ARHGEF2 expression in prostate cancer cells is suppressed by androgen
Studies have shown that AR directly inhibits the expression of the AR gene itself, as well as other genes [46]. To confirm androgen inhibition of ARHGEF2, we performed reverse transcriptase-PCR analysis of LNCaP and 22RV1 cells treated with 10 nm DHT for 0, 4, 12, and 24 h, and KLK3, an androgen-induced gene, was used as a positive control (Supplementary Fig. 2A). Stimulating cells with DHT, resulted in a significant decrease (80% to baseline) in expression of ARHGEF2 and a dramatic increase in the expression of the KLK3 gene by quantitative PCR (Fig. 2A). To corroborate these findings, enzalutamide (ENZ), a widely used non-steroidal pharmacological inhibitor of AR in the treatment of locally advanced non-metastatic and metastatic PCa, was used in LNCaP and 22RV1 cells. Enzalutamide treatment significantly increased (~1.5-fold) the transcription level of ARHGEF2 (Fig. 2A).

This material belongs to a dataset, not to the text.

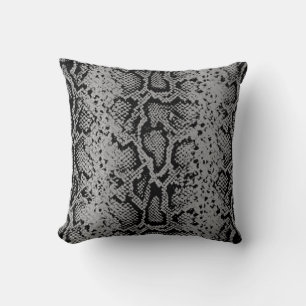 Exotic Snakeskin Pattern charcoal grey Cushion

To cross-validate these findings, we analyzed the public data set (GSE71797) of 22RV1 and VCaP cells stimulated by R1881 (a synthetic androgen). It showed a decrease in the expression of several previously known AR repressed genes (NOV and BCHE) and the expression of ARHGEF2 was also reduced after R1881 treatment (Supplementary Fig. 2B). Furthermore, immunoblot analysis revealed a concordant decrease in ARHGEF2 protein following DHT stimulation in a time-dependent manner (Supplementary Fig. 2C). To estimate the effect of long-term androgen deprivation on ARHGEF2 expression, LNCaP cells were cultured in androgen-deprived conditions for 30 days (Fig. 2B). Remarkably, in combination with prolonged androgen deprivation, a robust increase in ARHGEF2 expression was observed. Since 22RV1 cells are less responsive to androgen stimulation compared to LNCaP cells, to further investigate the responsiveness to androgen stimulation, we used the 22RV1 cell line to examine the effect of androgen stimulation [10]. We primed the 22RV1 cells either with DHT (10 nM) or ENZ (10 µM) for 3 days, followed by ENZ treatment or DHT stimulation for the next 3 days (Fig. 2C). As anticipated, blocking androgen signaling with ENZ in the androgen-primed 22RV1 cells resulted in a significant increase in ARHGEF2 expression, while ENZ-treated 22RV1 cells stimulated with DHT showed repression of ARHGEF2 (Fig. 2C). Besides, quantitative PCR and immunoblot analysis were also used to test whether DHT stimulation also inhibits ARHGEF2 expression in AR-negative prostate cancer cell lines (PC3 and DU145) (Fig. 2D, E and Supplementary Fig. 3D, E). No significant differences in ARHGEF2 expression were observed in these two cell lines, nor in those following enzalutamide treatment (Fig. 2D, E and Supplementary Fig. 3D, E).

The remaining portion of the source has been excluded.